#### [Assignment]
Your task is to reproduce exactly the lines from the line with "this 360×420 image." through the end of the records below.

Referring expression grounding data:
::::::::
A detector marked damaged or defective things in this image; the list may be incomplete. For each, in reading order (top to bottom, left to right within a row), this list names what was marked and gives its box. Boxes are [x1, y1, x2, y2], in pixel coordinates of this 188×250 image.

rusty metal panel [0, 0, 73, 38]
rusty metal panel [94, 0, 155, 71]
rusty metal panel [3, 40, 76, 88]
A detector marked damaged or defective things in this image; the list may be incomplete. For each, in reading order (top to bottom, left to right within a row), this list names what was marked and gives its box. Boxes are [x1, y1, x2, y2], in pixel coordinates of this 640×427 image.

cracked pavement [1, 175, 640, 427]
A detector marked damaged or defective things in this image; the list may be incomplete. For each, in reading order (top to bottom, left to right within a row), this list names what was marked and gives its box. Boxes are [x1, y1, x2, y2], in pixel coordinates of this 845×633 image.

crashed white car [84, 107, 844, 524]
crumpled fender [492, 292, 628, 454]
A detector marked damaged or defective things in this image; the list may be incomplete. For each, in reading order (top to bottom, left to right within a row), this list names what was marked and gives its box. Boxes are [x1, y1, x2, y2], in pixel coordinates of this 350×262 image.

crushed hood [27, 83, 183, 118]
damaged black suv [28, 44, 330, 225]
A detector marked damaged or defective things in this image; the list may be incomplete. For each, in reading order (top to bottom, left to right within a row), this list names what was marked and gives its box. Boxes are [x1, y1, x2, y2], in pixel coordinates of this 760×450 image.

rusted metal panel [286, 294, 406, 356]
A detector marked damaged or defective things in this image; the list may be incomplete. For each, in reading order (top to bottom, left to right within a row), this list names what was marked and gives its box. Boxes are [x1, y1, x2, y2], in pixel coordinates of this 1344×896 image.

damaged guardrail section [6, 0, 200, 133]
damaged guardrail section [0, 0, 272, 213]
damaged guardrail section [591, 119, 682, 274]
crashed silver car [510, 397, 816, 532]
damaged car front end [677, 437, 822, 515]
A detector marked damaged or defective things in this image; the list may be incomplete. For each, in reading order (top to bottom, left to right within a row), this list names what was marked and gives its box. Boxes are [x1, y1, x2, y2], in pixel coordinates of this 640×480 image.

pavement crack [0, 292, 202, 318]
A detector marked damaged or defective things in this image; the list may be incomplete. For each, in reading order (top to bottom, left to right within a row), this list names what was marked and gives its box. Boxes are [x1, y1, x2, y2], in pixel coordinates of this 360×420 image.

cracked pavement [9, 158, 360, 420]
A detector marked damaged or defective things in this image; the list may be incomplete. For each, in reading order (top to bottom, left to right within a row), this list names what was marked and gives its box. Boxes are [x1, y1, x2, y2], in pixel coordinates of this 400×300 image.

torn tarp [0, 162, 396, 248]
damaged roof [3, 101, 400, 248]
::::::::
#### [Answer space]
A detector marked damaged or defective things in this image; the list may be incomplete. For each, in reading order (top to bottom, left to right within a row), this list names what was marked and gives its box. Boxes are [x1, y1, x2, y2], in pixel coordinates of this 360×420 image.

cracked pavement [9, 158, 360, 420]
A detector marked damaged or defective things in this image; the list may be incomplete. For each, in reading order (top to bottom, left to right within a row), this list names what was marked and gives its box. Boxes are [x1, y1, x2, y2], in pixel coordinates of this 400×300 image.

torn tarp [0, 162, 396, 248]
damaged roof [3, 101, 400, 248]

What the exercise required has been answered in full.